On a side note, I LOVED the Outlander series! Makes me want to move to Scotland & find my own hot, dirty, kilt-wearin’ man. Mmm….dirty kilt wearin’ men…..:)
Jules says
Hah! That’s funny, Ashley, because I was having that same discussion with a friend of mine just last night. :)
becoming-mom says
Oh, voyager is total book crack.. exercise never stood a chance! :)
Vanessa says
“The fact she is shaped like a horse jockey and I like a piece of Renaissance porn” is by far the funniest thing I have read in a long time!
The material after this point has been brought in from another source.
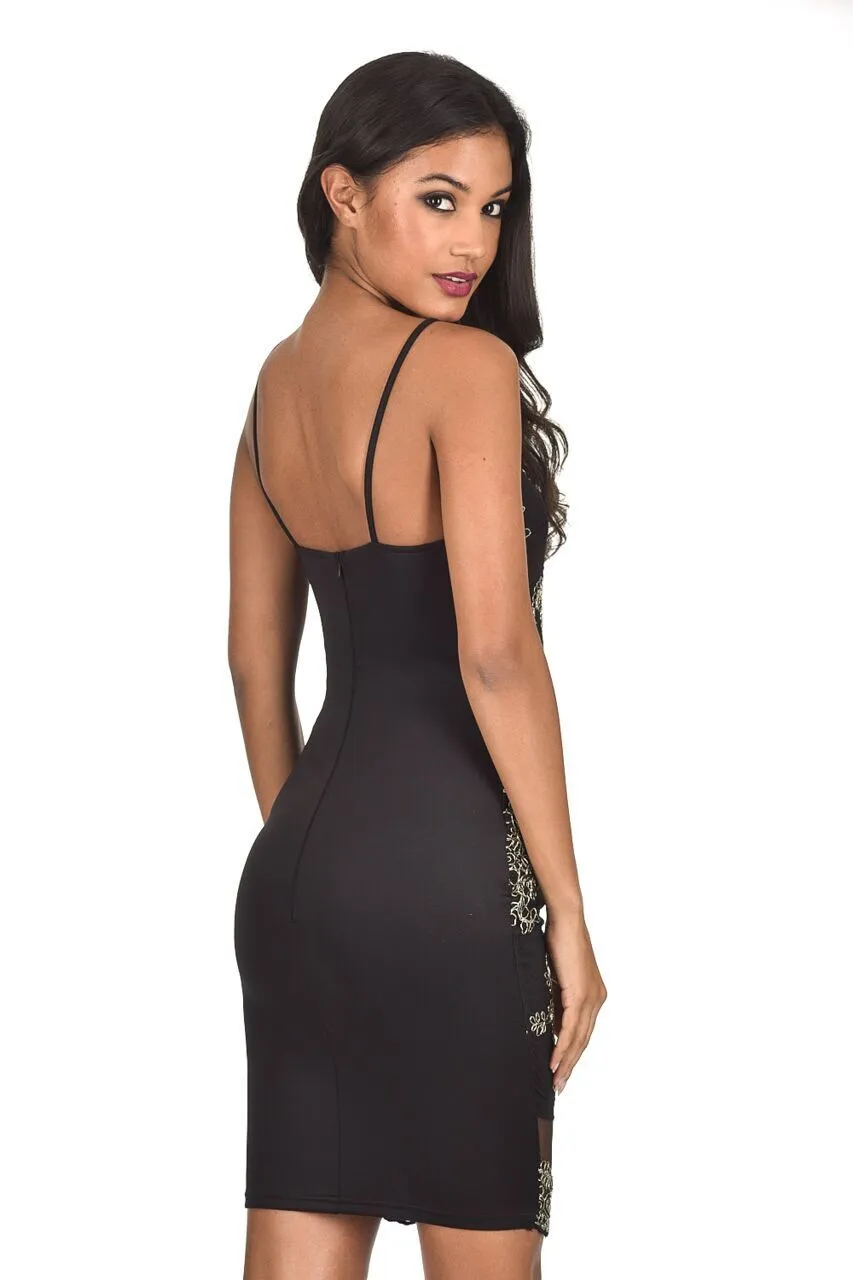 Black and Gold Embroidered High neck Bodycon Dress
I too bought 30 Day Shred some months ago. I’ve done it – once. Couldn’t walk for about 4 days afterwards. But have plans to try again – soon(ish)!
Julie says
“Renaissance porn ” I was doing just fine until I read that – then I spit my coffee all over my monitor. :-)
morgan says
Too funny! If you continue your aversion to Miss Jockey, I will gladly take her off your hands… I would like to try cracking nuts with my washboard abs. Yeah, right – who am I kidding?
gina says
I’m laughing so hard, I’m probably going to spell “renaissance porn” wrong. I love how you wrote that! Nice full-figured imagery. I think most of us can relate. Everyone maybe, except Jillian.
Kendra says
Mmmm ‘Voyager’. You know my take on that. Yummy!
Cara says
Hey, could be worse Jules, could be “Voyeur” I did a double-take to make sure that’s not what it said. ;) And OH MY GOSH….Renaissance porn…really? LOL You mean you’re a real woman??? I will never look like one of those women, but they will never kiss my babies goodnight!!!! And those breasts (what there are of them) have never nourished or nurtured (as pillows) my children either. I’ll take “me” thanks…don’t get me wrong, in ummmm, 18 1/2 weeks I intend to be on the WAY DOWN in weight. ;) And I’ll need the info for that PCOS diet. ;)
Miss B says
“The fact she is shaped like a horse jockey and I like a piece of Renaissance porn”. why you don’t make millions of dollars off your pen is beyond moi…
Taryn says
You are too funny. Good luck with the shred. And with the quicker trip to Ikea. You can do it!
Keri says
Too funny! I bought this DVD, too, and have used it a little. It is very hard, though. I need to get back into it, but I dread it so much that I continue to put it off:-).